● WHAT THE EXERCISE ASKS
Below is a block of entries; repeat all of it exactly but omit the pictures.

____

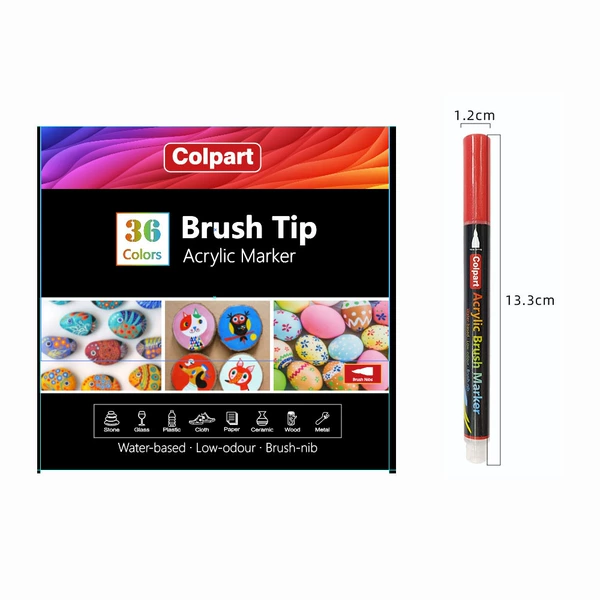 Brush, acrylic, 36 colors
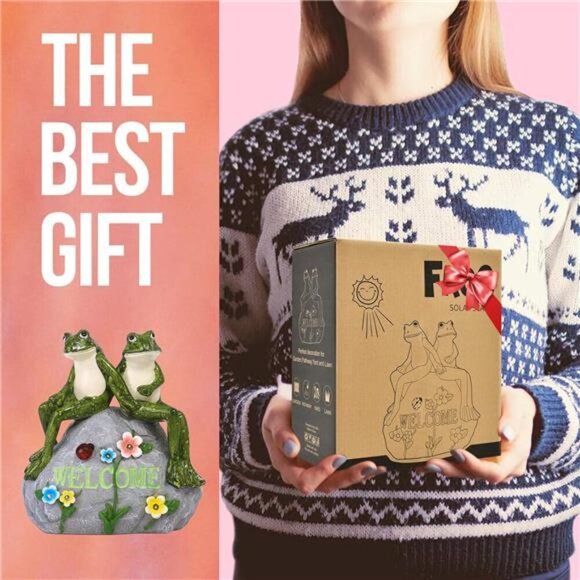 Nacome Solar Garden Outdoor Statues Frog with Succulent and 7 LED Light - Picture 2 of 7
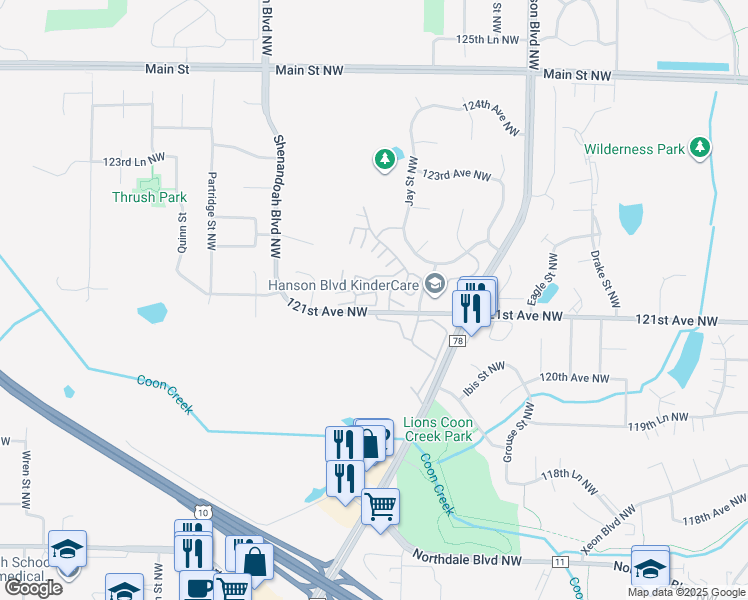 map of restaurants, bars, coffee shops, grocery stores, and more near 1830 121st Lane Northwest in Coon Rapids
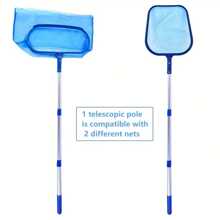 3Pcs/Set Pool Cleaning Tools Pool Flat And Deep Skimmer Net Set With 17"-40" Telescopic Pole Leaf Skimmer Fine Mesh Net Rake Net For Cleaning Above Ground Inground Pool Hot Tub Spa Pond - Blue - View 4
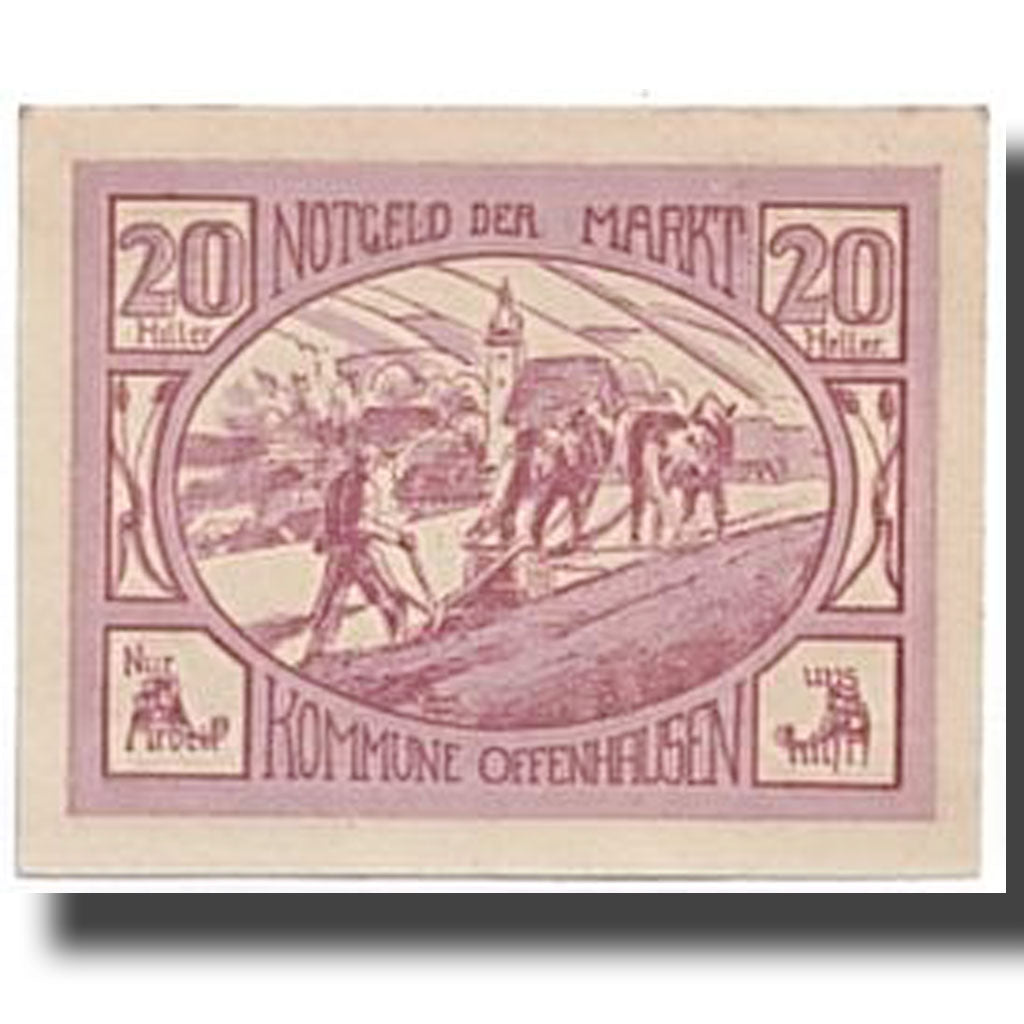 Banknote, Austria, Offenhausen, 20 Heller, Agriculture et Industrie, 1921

____

● OUTPUT FOR THIS TASK
 Brush, acrylic, 36 colors
 Nacome Solar Garden Outdoor Statues Frog with Succulent and 7 LED Light - Picture 2 of 7
 map of restaurants, bars, coffee shops, grocery stores, and more near 1830 121st Lane Northwest in Coon Rapids
 3Pcs/Set Pool Cleaning Tools Pool Flat And Deep Skimmer Net Set With 17"-40" Telescopic Pole Leaf Skimmer Fine Mesh Net Rake Net For Cleaning Above Ground Inground Pool Hot Tub Spa Pond - Blue - View 4
 Banknote, Austria, Offenhausen, 20 Heller, Agriculture et Industrie, 1921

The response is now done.